Jerry Pfohl’s opinion piece “Edwards too
inexperienced” (July 12) is a case of the Republican
Party’s simple-minded rhetoric dirtying the record of a
credible vice presidential candidate.
Sen. John Edwards has spent the past six years in the U.S.
Senate and has served on the Intelligence Committee. In particular,
he has played an instrumental role in the reform of the No Child
Left Behind Act and the passage of the Patients’ Bill of
Rights.
Conservatives are quick to criticize his background as the son
of a mill worker who became a successful trial lawyer. Edwards
lived a rags-to-riches American dream, working his way through
public universities both as an undergraduate and as a law
student.
The Republicans call him an ambulance chaser but won’t
tell you about the type of people he defended when he became a
lawyer.
He won medical malpractice lawsuits for people ““ mostly
children ““ who will need a lifetime of expensive medical
attention because of doctors’ negligence in drug overdoses or
oxygen deprivation cases. He won a wrongful death suit against a
psychiatric hospital that released a 16-year-old boy who committed
suicide on the same day. In his largest monetary victory he won a
lawsuit against a swimming pool manufacturer whose faulty drains
left a young girl permanently on feeding tubes when her intestines
were pulled from her body.
People are quick to criticize lawyers until they need one.

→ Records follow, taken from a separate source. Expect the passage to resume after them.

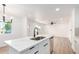 Kitchen with island and stainless steel appliances, with a view to the living area at 524 S Pioneer --, Mesa, AZ 85204
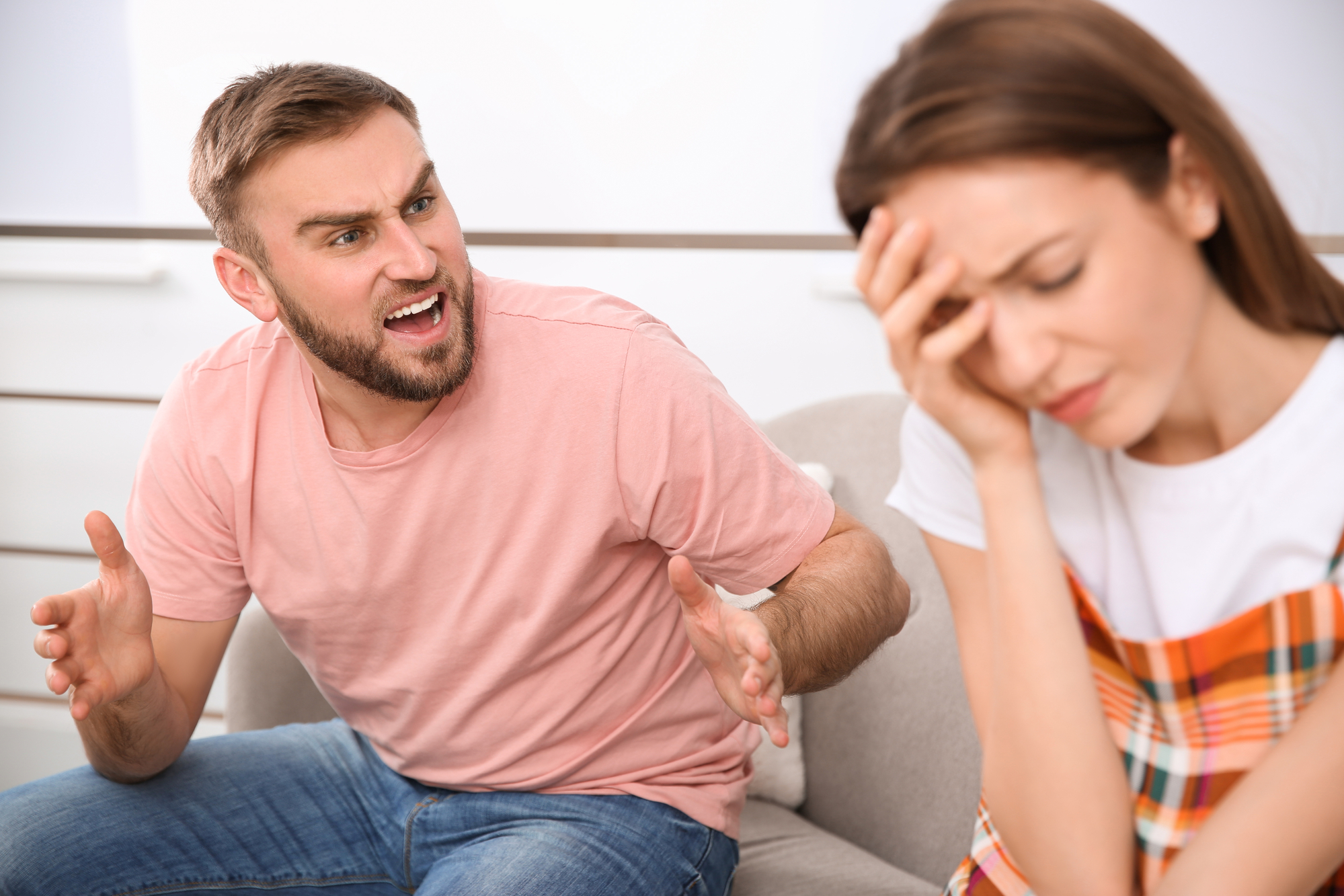 A man wearing a pink t-shirt is angrily arguing with a woman who appears distressed. The woman, wearing a plaid-patterned outfit, has her eyes closed and is holding her forehead with one hand, sitting on a sofa in a tense environment.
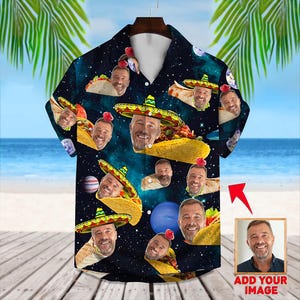 Puede incluir: Una camisa negra de botones con un estampado de temática espacial con caras y tacos. La camisa tiene un cuello de botones y mangas cortas. El estampado incluye una variedad de caras con diferentes expresiones, todas con sombreros. Los tacos están rellenos de varios ingredientes, incluyendo carne, queso y verduras. La camisa tiene un bolsillo en el lado izquierdo. El texto "Añadir tu imagen" es visible en la esquina inferior derecha de la imagen.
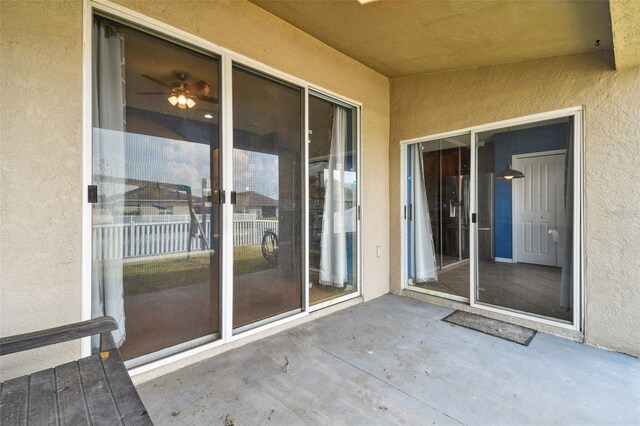 entrance to property featuring a patio area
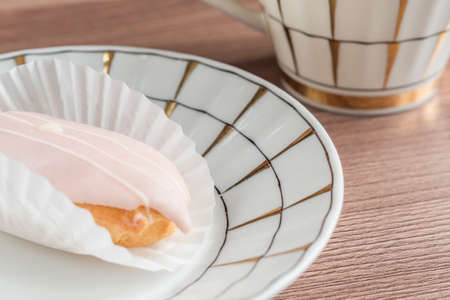 respberry eclair on a plate near tea cup on wooden table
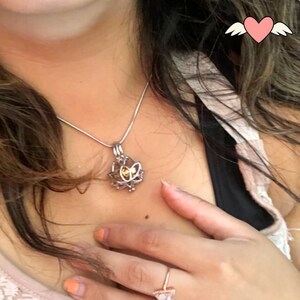May include: A silver-colored necklace with a lotus flower pendant. The pendant has a cage-like design with a yellow center. The necklace is worn on a person's neck.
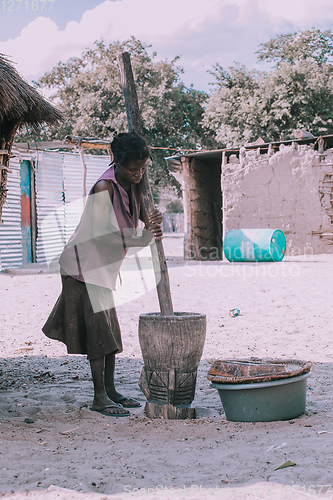 Image of woman crushing the millet, Africa, Namibia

Edwards has fought for the common people of the United States and
should be commended, not condemned.
Now let’s talk about Vice President Dick Cheney’s
so-called experience. Admittedly, Cheney has a great deal of
federal defense experience under former Presidents Ford and Bush.
Yet what about his experience with Halliburton Co. in Iraq?
In a case of selective memory, the White House Web site likes to
leave holes in Cheney’s resume, never mentioning his
too-close-for-comfort ties with our nation’s energy giants.
Yes, Cheney has experience. But is it the kind of experience we
want our leaders to have?
Conservatives also like to pretend that only Democrats run
candidates who are relative newcomers for high-profile office. I do
not recall hearing the Republican Party complaining about Gov.
Arnold Schwarzenegger’s inexperience in California’s
gubernatorial recall election. Instead it was jumping at the chance
for an action movie star with no political experience at all to run
the sixth-largest economy in the world at the time of an enormous
fiscal crisis.
And what about current President Bush himself? He ran in 2000
after serving only six years as governor of Texas (the same amount
of time Edwards has been in the Senate). Bush had no federal
government experience and no foreign policy experience
whatsoever.
The Senate voting records for Sen. John Kerry that conservatives
like to pull out have absolutely no comparison to Bush’s
because while Kerry was working on political crises, Bush owned a
baseball team. So what made Bush qualified to run for president in
2000 but Edwards unqualified for vice president in 2004?
Anyone who knows a thing about politics would recognize that
Pfohl’s statement, “No matter how right-leaning voters
may feel the Bush-Cheney ticket is, they are clearly not as
partisan as the Kerry-Edwards team,” is at the very least a
stretch and at most an outright lie.
Do you honestly think Cheney moves the Republican ticket to the
center more than Edwards moves the Democratic ticket center? The
reason Republicans worry about keeping Cheney on the ticket rather
than replacing him with a moderate such as Rudy Giuliani is that
Cheney only appeals to the most conservative members of the
Republican Party.
Edwards clearly brings a more centrist position to the
Democratic ticket, especially with his more moderate views on the
war in Iraq and his concerns with free trade, by which rural
America feels threatened.
Pfohl’s column was a cheap shot at a good man who
ultimately won’t be the decisive factor in this election.
We should be talking about Kerry’s experience. Let’s
talk about a man who could have spent his life making millions at
an energy company but instead has spent his entire life helping
people in the public sector as a criminal prosecutor, lieutenant
governor and U.S. senator.
Cheney has proven a vice president is good for two things
““ whispering the answers to tough questions in committee
hearings and hiding in a bunker. I’m sure Edwards is just as
qualified as Cheney to hide in a bunker, and Kerry is a formidable
enough politician not to need someone to whisper the answers to
him.
Miller is a fourth-year political science student and the
publicity director for Bruin Democrats.